BEGIN Excerpted data

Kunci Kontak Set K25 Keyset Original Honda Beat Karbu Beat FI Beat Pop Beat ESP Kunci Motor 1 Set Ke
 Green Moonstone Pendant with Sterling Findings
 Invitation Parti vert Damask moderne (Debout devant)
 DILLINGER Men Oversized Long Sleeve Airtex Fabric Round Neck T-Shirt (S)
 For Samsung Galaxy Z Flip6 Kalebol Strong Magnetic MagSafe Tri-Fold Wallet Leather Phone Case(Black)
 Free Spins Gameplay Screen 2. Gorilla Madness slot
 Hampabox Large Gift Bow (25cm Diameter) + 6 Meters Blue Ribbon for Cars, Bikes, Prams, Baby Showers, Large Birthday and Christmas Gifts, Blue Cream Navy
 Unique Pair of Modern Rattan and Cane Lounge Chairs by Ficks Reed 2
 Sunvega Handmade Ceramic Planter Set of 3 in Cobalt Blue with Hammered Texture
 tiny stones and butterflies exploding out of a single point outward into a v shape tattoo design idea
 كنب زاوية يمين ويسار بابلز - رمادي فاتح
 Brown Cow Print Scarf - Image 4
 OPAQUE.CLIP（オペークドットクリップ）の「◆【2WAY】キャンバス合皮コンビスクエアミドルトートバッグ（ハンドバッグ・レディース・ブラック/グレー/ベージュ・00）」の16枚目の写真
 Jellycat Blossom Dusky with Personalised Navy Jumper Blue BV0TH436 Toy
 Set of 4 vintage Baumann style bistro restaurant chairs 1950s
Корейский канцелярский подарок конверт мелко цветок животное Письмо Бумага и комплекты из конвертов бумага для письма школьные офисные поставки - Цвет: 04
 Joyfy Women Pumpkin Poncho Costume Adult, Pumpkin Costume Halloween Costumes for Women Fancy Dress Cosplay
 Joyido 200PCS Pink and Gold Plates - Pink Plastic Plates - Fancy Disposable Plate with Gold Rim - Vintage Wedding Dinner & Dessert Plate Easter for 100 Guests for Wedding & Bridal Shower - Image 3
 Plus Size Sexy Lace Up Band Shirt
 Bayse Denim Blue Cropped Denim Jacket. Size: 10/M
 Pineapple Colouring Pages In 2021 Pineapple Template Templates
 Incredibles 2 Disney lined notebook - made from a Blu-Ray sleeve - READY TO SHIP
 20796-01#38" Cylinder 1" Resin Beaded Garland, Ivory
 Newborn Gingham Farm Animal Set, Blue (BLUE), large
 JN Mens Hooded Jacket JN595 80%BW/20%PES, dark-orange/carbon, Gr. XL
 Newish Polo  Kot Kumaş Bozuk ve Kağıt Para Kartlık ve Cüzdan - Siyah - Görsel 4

END Excerpted data

All lines of the records above that contain the word "Navy" are to be copied out.

> [Output]
 Hampabox Large Gift Bow (25cm Diameter) + 6 Meters Blue Ribbon for Cars, Bikes, Prams, Baby Showers, Large Birthday and Christmas Gifts, Blue Cream Navy
 Jellycat Blossom Dusky with Personalised Navy Jumper Blue BV0TH436 Toy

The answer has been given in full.